**Problem requirements**
A verbatim copy of the data is wanted, minus any picture in it.

**Input data**
=== Section Start ===

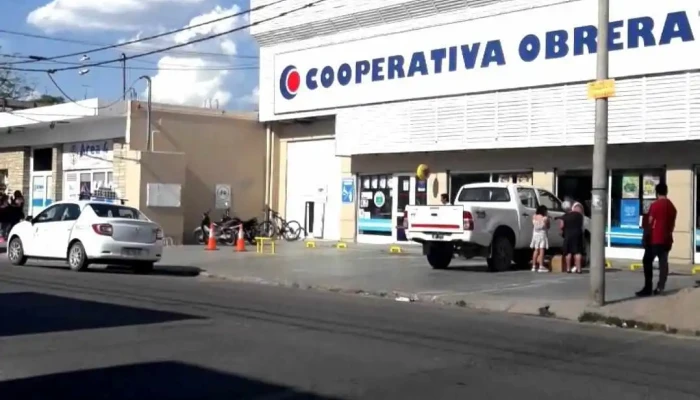 Cooperativa Obrera -  Videos - Cipolletti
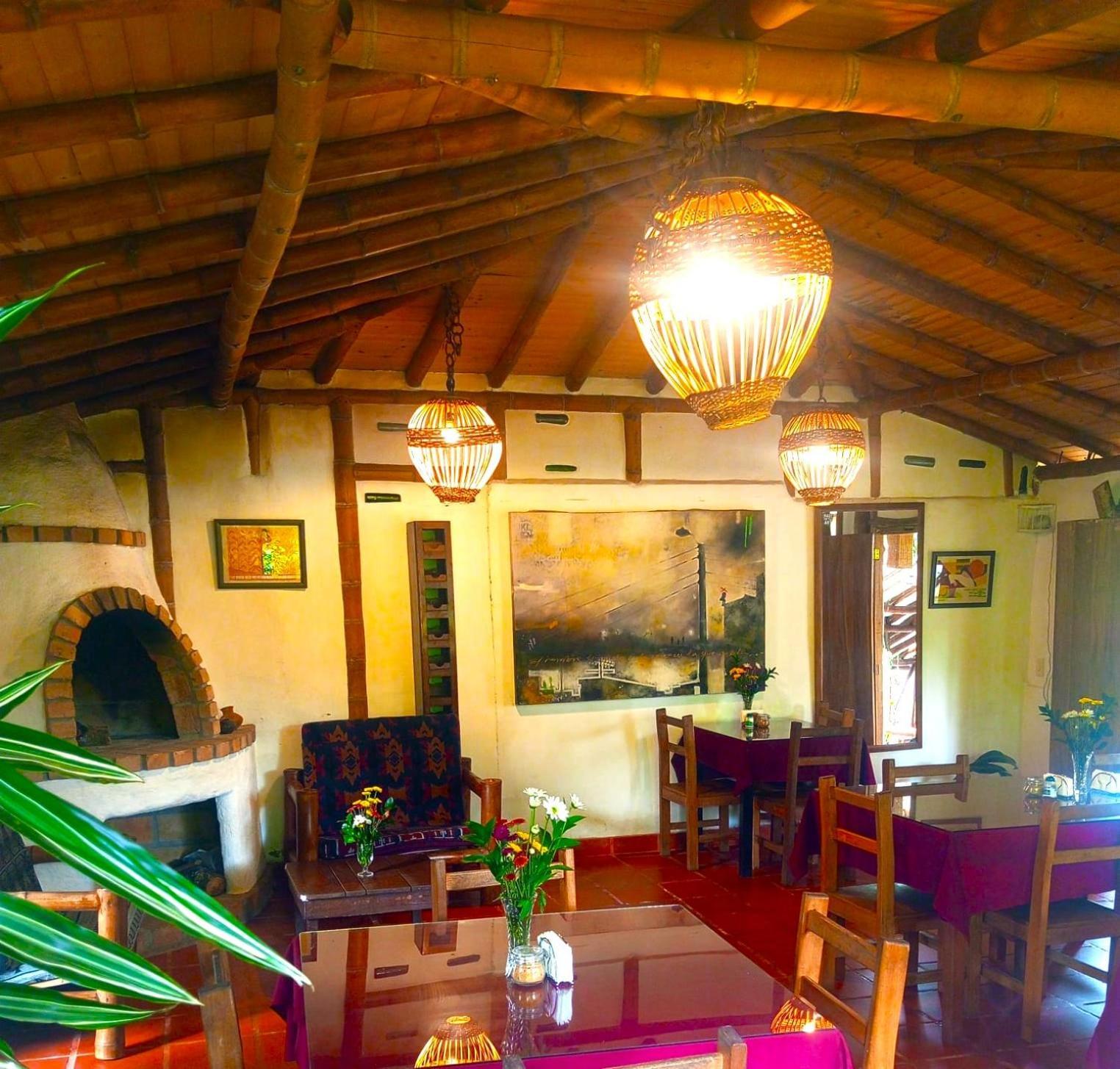 Hotel La Casa De Francois San Agustín Extérieur photo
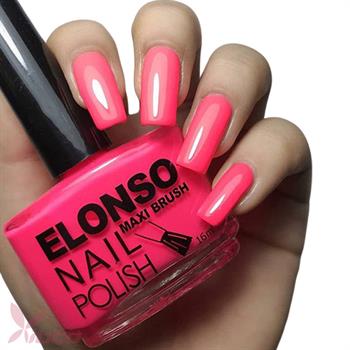 لاک ناخن الونسو شماره ELONSO A39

=== Section End ===

**Completed task**
 Cooperativa Obrera -  Videos - Cipolletti
 Hotel La Casa De Francois San Agustín Extérieur photo
 لاک ناخن الونسو شماره ELONSO A39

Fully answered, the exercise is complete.